Je vous remercie de l’occasion qui m’est donnée de m’adresser à vous au sujet des femmes et de la paix et de la sécurité, vingt ans après l’adoption, par le Conseil de sécurité, de la résolution 1325 (2000) historique.
La pandémie de COVID-19 est la plus grande épreuve que connaît la communauté internationale, depuis la fin de la Seconde Guerre mondiale.
En mars, j’ai lancé un appel en faveur d’un cessez-le-feu mondial immédiat, afin que nous puissions nous consacrer à un ennemi commun: le virus de la COVID‑19. J’ai réitéré cet appel, dans le discours que j’ai prononcé à l’Assemblée générale le mois dernier.
Dans sa résolution à l’appui d’un cessez-le-feu immédiat mondial, le Conseil a établi un lien précieux et solide avec le programme pour les femmes, la paix et la sécurité.
Premièrement, vous aviez déclaré que la pandémie aurait un effet disproportionné sur les femmes et les filles.
C’est bien ce que nous constatons, dans les zones de conflit et dans le monde entier.
Les femmes subissent déjà une augmentation de la violence fondée sur le genre. Nous assistons clairement à un détournement de ressources qui auraient dû être consacrées à leur santé, notamment à la santé sexuelle et procréative. La pandémie pourrait avoir un effet durable sur l’éducation des filles et l’emploi des femmes.
Cela contribuera à accentuer la marginalisation des femmes par rapport aux prises de décision et au processus de paix, ce qui nuirait à tout un chacun.
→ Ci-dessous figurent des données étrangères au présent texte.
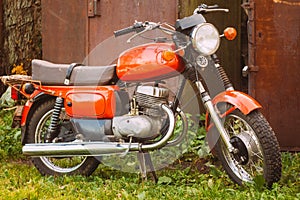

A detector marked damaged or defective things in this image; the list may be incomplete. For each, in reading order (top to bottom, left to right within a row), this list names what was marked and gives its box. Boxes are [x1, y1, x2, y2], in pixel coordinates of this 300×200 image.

rusty metal door [246, 0, 300, 150]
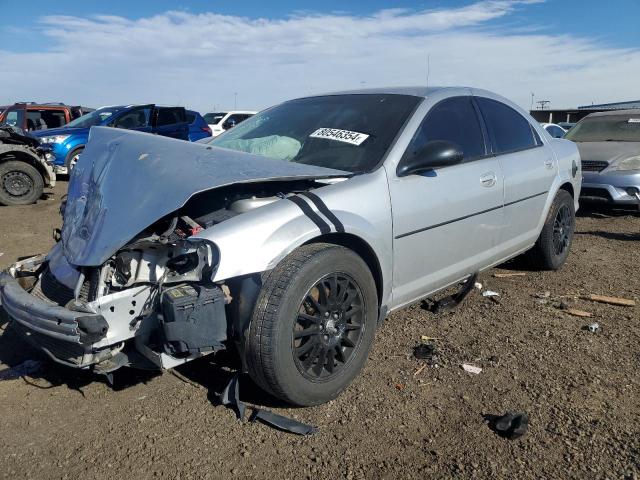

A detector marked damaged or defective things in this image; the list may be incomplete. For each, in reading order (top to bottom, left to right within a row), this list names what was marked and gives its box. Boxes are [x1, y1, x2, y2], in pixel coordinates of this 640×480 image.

damaged hood [62, 125, 348, 266]
broken plastic piece [216, 376, 244, 420]
broken plastic piece [248, 408, 318, 436]
broken plastic piece [492, 412, 528, 438]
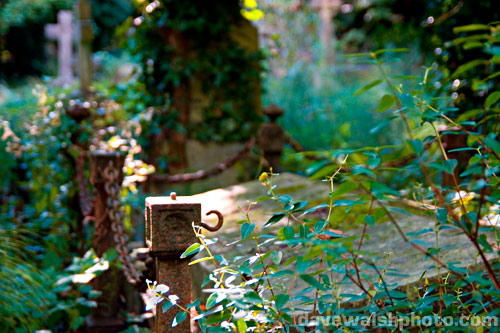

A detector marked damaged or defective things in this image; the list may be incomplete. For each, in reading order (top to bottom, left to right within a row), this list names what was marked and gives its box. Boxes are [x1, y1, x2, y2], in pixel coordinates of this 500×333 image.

rusty chain [102, 161, 140, 286]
Deuxièmement, comme vous l’avez constaté, les femmes jouent un rôle clef dans l’intervention, face à la pandémie.
Elles sont à tous les niveaux en première ligne du combat contre la COVID-19 et dominent dans les secteurs de l’économie qui sont essentiels à la vie quotidienne.
Les auxiliaires de vie, les infirmières, les enseignantes, les agricultrices, les vendeuses de produits alimentaires et autres travailleuses essentielles assurent les services qui permettent aux communautés, aux économies et aux sociétés de fonctionner.
Nous devons rendre hommage aux femmes qui sont des bâtisseuses de la paix au niveau local, dans les communautés du monde entier.
Nous devons également rendre hommage à celles qui intensifient leurs efforts chaque jour dans les zones de conflit pour aider les personnes exposées au danger, négociant entre divers groupes pour permettre l’accès aux civils et à l’aide humanitaire, instaurant la confiance et resserrant les liens sociaux.
Troisièmement, vous aviez demandé dans votre résolution que des femmes soient dans des postes de direction et de décision, partout dans le monde.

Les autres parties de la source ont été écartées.